The budget deficit in the first eight months of the year was 14.4 billion liras ($9.7 billion), compared with a full-year target of 50.2 billion liras. The eight-month primary surplus, excluding interest payments, was 20.9 billion liras, more than triple the target of 6.6 billion liras for the whole year.
With elections due by July, some investors have expressed concern that Prime Minister Recep Tayyip Erdogan will loosen the purse strings to help win re-election for a third term. The 2011 budget must be submitted to parliament by Oct. 17.
Erdogan’s government “will stretch the fiscal opportunities to the extent that it can in 2011,” Guldem Atabay, chief economist at Ekspres Invest in Istanbul, said in a Sept. 13 report.
Erdogan this month dropped plans to legislate a so-called fiscal rule, backed by the IMF, which would require governments to target a budget deficit of 1 percent of gross domestic product. In May, he broke off talks on a new accord with the IMF, which has overseen the country’s public finances for most of the past two decades as a condition for loans.
Simsek said he understood investor concerns, and pointed to Erdogan’s track record of reducing budget deficits, and the benefits Turkey has reaped from it.
“We’ve had four elections in the past eight years and on average we’ve done reasonably well in terms of maintaining fiscal discipline,” he said. “They should look at our track record. Even without an IMF program, without an explicit fiscal rule, they will notice that we’ve done a good job.”
Turkey’s budget deficit averaged 1.3 percent of GDP in the four years from 2005, before widening to 5.5 percent last year after the global crisis curbed exports and foreign investment.

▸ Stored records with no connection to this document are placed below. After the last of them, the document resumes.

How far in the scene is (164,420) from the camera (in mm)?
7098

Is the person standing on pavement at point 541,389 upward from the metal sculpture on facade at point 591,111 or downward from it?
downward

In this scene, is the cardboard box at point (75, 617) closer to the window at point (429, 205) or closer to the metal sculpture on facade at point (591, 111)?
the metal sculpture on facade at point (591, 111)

In the decade through 2003, the average deficit was 9.6 percent, according to Finance Ministry data.
The country’s debt, which was more than 70 percent of GDP in 2002, may drop to the “low 40s” this year, beating the government target of 49 percent, Simsek said.
The improvement in Turkey’s public finances under Erdogan, who came to power in 2003, sparked a boom in foreign investment. The arrival of companies such as Citigroup Inc., which bought a 20 percent stake in Turkish lender Akbank TAS in 2006, and Vodafone Group Plc helped the economy grow at an annual pace averaging about 5 percent a year.

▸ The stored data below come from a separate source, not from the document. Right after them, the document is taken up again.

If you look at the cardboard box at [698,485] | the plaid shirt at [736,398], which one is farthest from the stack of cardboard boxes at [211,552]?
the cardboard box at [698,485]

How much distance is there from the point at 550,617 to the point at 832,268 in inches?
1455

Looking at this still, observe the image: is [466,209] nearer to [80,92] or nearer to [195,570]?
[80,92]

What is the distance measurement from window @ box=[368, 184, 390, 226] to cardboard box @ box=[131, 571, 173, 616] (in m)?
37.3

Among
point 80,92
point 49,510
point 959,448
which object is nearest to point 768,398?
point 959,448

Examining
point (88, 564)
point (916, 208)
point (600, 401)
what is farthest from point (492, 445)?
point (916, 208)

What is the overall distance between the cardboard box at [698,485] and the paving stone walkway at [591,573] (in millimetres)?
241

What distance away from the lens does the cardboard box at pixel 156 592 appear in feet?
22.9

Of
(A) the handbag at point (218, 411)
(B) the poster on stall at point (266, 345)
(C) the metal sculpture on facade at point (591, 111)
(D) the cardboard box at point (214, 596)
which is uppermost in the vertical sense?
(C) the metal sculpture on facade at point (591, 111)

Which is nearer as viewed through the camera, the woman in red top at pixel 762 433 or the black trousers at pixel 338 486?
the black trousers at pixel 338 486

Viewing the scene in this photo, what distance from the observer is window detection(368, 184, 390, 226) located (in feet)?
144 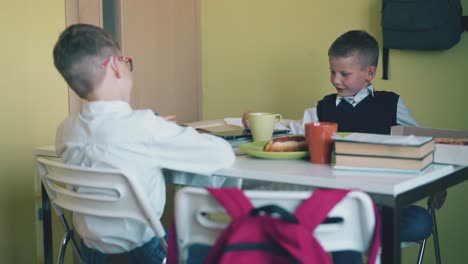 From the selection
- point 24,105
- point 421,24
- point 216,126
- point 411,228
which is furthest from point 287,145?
point 24,105

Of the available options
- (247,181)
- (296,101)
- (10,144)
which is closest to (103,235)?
(247,181)

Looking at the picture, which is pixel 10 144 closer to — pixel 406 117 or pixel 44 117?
pixel 44 117

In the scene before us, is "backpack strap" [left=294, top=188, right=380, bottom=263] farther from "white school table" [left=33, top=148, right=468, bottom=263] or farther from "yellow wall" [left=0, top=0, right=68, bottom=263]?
"yellow wall" [left=0, top=0, right=68, bottom=263]

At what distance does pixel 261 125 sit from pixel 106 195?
0.59 meters

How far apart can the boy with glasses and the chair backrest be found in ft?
0.16

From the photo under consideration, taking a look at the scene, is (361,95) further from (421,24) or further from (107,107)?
(107,107)

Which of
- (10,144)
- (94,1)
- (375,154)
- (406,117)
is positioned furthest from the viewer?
(94,1)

The benchmark ISE-100 stock index has surged almost sixfold since the end of 2002, and has added 22 percent so far this year, four times the gain on the MSCI Emerging Markets Index. Yields on benchmark two-year lira bonds have dropped to about 8 percent, from almost 25 percent in 2004.
‘Not an Island’
Asked whether those market gains will continue, Simsek, a London-based economist at Merrill Lynch & Co. before he joined Erdogan’s government in 2007, said he’s “left that hat in London.” He said, though, that Turkish assets will perform better than those of other emerging-market economies because of the country’s fundamental strengths, including “long-term demographics and productivity patterns.”
“We’re not an island,” he said. “If the rest of the world is going to struggle then clearly that would impact us, but the chances are we are going to outperform.”
Simsek rejected calls from Turkey’s exporters for active management of the exchange rate to weaken the lira, which has gained almost 10 percent against the euro this year, and make the country’s goods more competitive. Turkey has a customs agreement with the European Union, which it’s in talks to join, and sends the biggest share of its exports there.
“We can’t cure Turkey’s structural problems purely by focusing on the exchange rate,” Simsek said. “We need to make the Turkish economy more competitive and more productive. That is the core solution. It’s a tough one, but there are no quick fixes.”